You need to provision a DC/OS Enterprise Edition cluster in either permissive or strict mode.
A DC/OS cluster with at least 7 private agents providing 28 CPU and 64 GB of RAM is required.
If you deploy it in strict mode, you need to setup the DCOS cli using https (dcos cluster setup https://).
Then, you simply need to execute the following command:
./deploy.sh
It will deploy HDFS, Kafka (with its own dedicated ZooKeeper) and Spark with Kerberos and TLS.
A KDC will also be deployed, but if you'd like to reuse the same approach to deploy this stack in production, you would skip this step and use your own KDC (which could be Active Directory).
The script also creates a Kafka topic (top1).

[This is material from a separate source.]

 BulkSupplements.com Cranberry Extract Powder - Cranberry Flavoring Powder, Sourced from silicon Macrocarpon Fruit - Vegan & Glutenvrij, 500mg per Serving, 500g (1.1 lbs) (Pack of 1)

After that, you can launch the following script to create the model using Spark and the SMSSpamCollection.txt text file that contains examples of spams and hams. This file has already been uploaded to an Amazon S3 bucket to simplify the process.
./create-model.sh
The model is stored in HDFS.
Now you can execute the following script to generate new random messages. It is another Spark job and it's also leveraging the SMSSpamCollection.txt file to generate them. These messages are produced in Kafka.
./generate-messages.sh
Finally, you can run the following script to use the model previously created to classify the incoming messages. It will consume the messages from Kafka and will display the accuracy of the process in stdout.
./classify-messages.sh
To access stdout, you click on the arrow close to the Spark service:
Then, you click on the Sandbox link corresponding to the SpamHamStreamingClassifier driver:
Finally, you click on stdout:
You can see the accuracy displayed at the end of the log:
The 3 Spark jobs are using a jar file that has also been uploaded to an Amazon S3 bucket to simplify the process.
The source code is available here.
The hdfs-client.txt and the kafka-client.txt files are showing the commands to use if you want to check the files stored in HDFS and the messages produced in Kafka.
A video going through the full demo is available on YouTube here.